Lytic cycle and latent cycle
The Epstein-Barr virus has a spherical shape and is made up of a double lipoproteic membrane, the integument, which surrounds the icosahedral capsid (composed of capsomers: 150 exons and 12 pentons). The capsid preserves the genome inside (double-stranded DNA).
The target cells of Epstein-Barr Virus are human B lymphocytes: on the surface of the membrane, B lymphocytes have a receptor, to which some specific EBV virus glycoproteins are bound (gp325 and gp42).
The Epstein-Barr virus carries infections through two mechanisms:
- LITHIC CYCLE : the Epstein-Barr virus enters the host cell (B lymphocyte), inserts its own genome and produces numerous new virions (composed of nucleic acid + proteins). The host cell is therefore destined to lysis: after which, the virions are free and infect the neighboring cells, spreading like wildfire.
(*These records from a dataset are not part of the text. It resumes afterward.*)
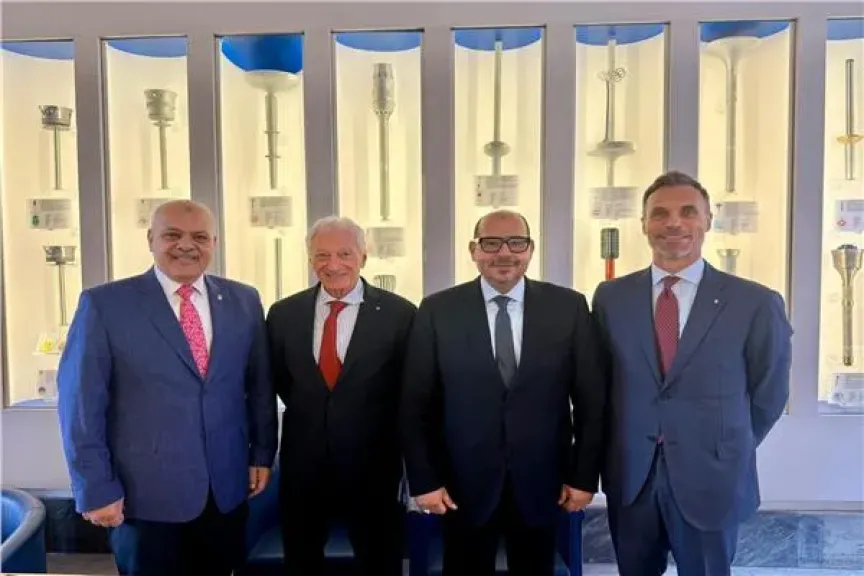  جانب من توقيع البروتوكول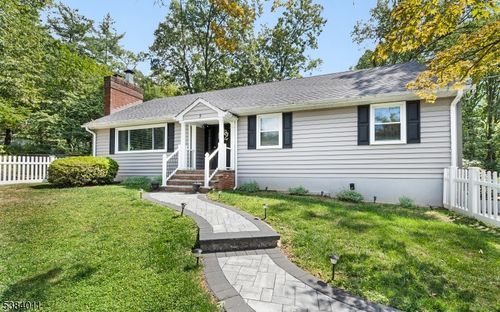 3 Greenbrier Rd, Green Brook, NJ, 08812-2018 | Card Image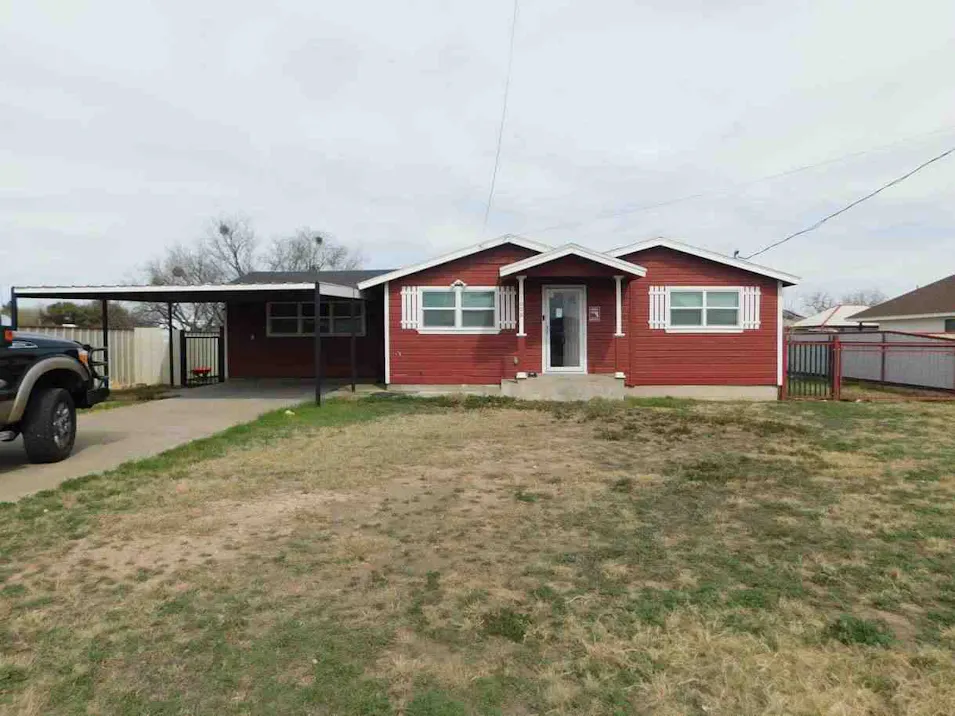 1006 E 40th St San Angelo, TX 76903, Tom Green County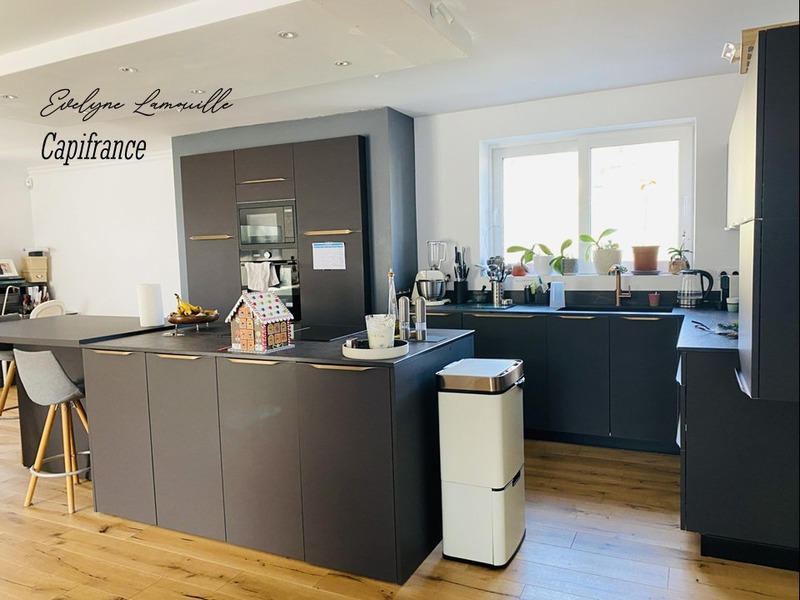 Maison - 197 m² - 7 pièces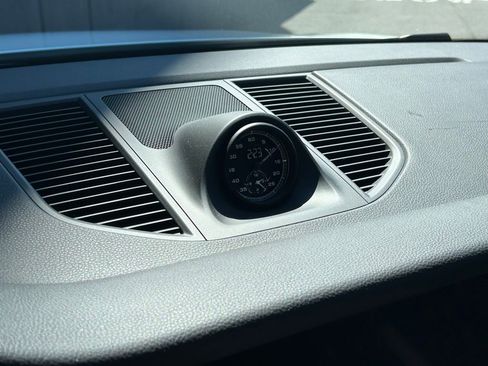 Certified 2026 Porsche Macan image 31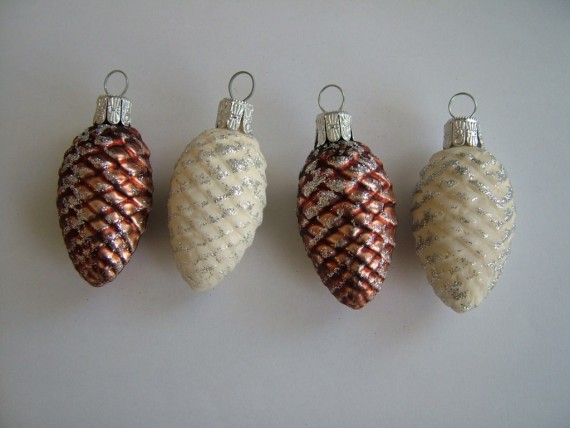 ŠIŠKA MALÁ, FORMA, BAREVNÁ, MAT, DEKOR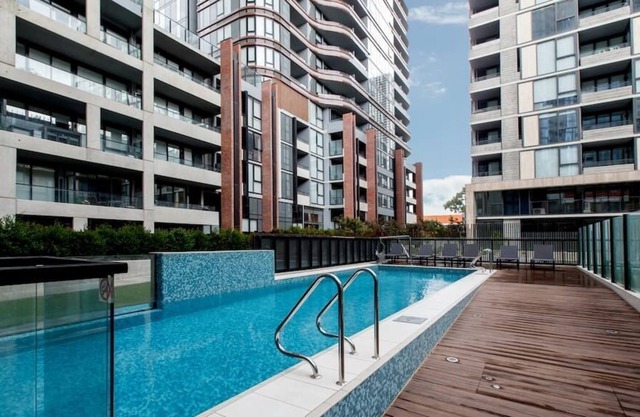2BR Mason Square @ Moonee Ponds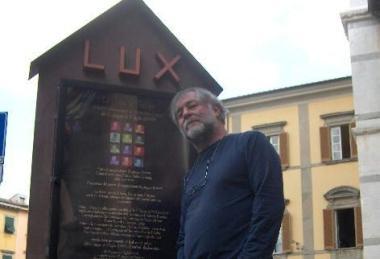 Paolo Pierazzini davanti al Teatro Lux di Pisa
- LATENT OR LYSOGENIC CYCLE : in this case, the Epstein-Barr Virus injects its genome directly into the DNA of the host cell. The genetic heritage of the infected cell is called "provirus". When the host cell duplicates itself, the virus's DNA is also transmitted to the daughter cells. The Epstein-Barr virus remains in a LATENCY state, without producing viral cells (virions). This "latency" can last even a long time: what has been said explains why a person who came into contact with Epstein-Barr Virus can host a certain number of infected cells for life, without ever developing the symptoms of the infection.
After infecting the host, the virus can remain silent as long as the subject's immune defenses are lowered: in such conditions, favorable to its development, the virus shows the symptoms of the infection.
During the latent cycle, the Epstein-Barr virus produces some viral proteins called EBNA antigens (Epstein Barr Nuclear Antigens) . 6 different EBNA antigens have been identified, distinguished by numbers between 1 and 6. These viral proteins modulate the expression of some genes and activate B lymphocytes, inducing them to so-called "cellular immortalization" (an indefinite and uncontrolled proliferation).
Latency and tumors
The indiscriminate proliferation of B lymphocytes is influenced by three elements:
- EBNA viral antigens or proteins
- 3 membrane proteins: LMP1-2A-2B
- 2 non-polyadenylated RNA types: EBER1 and EBER2
Precisely on the basis of the combination of these three elements, it is possible to distinguish three different forms of latency, with the associated associated disease:
- Type I latency: appears to be associated with Burkitt lymphoma → EBNA-1 expression + Q promoter (Qp) + EBER 1 and 2 + LMP2A
- Type II latency: related to nasopharyngeal carcinoma → expression of the combination of EBNA-1 + promoter Q (Qp) + LMP1, LMP2A, EBERs
- Type III latency: similar to type I latency, this variant is also probably associated with Burkitt's lymphoma. Furthermore, it is found in some lymphomas (triggered by Epstein-Barr virus), in AIDS patients → EBNA 1-2-3-4-5-6 are transcribed by the promoter Wp / Cp. 9 latency proteins are transcribed.
In conclusion, 90-95% of the world population carries the Epstein-Barr virus: in many subjects, the virus does not generate any damage, in others it develops infectious mononucleosis and, in an even smaller number, the EBV contributes to genesis of some malignant tumors. We are therefore faced with a sort of "apparent paradox": the risk of developing cancer from an Epstein-Barr virus infection depends on the integrity of the host's immune system and on the expression of viral proteins. Clearly, AIDS patients, transplant recipients and all patients with severe immune system impairment are more susceptible to Epstein-Barr virus infections, therefore more at risk of developing cancer.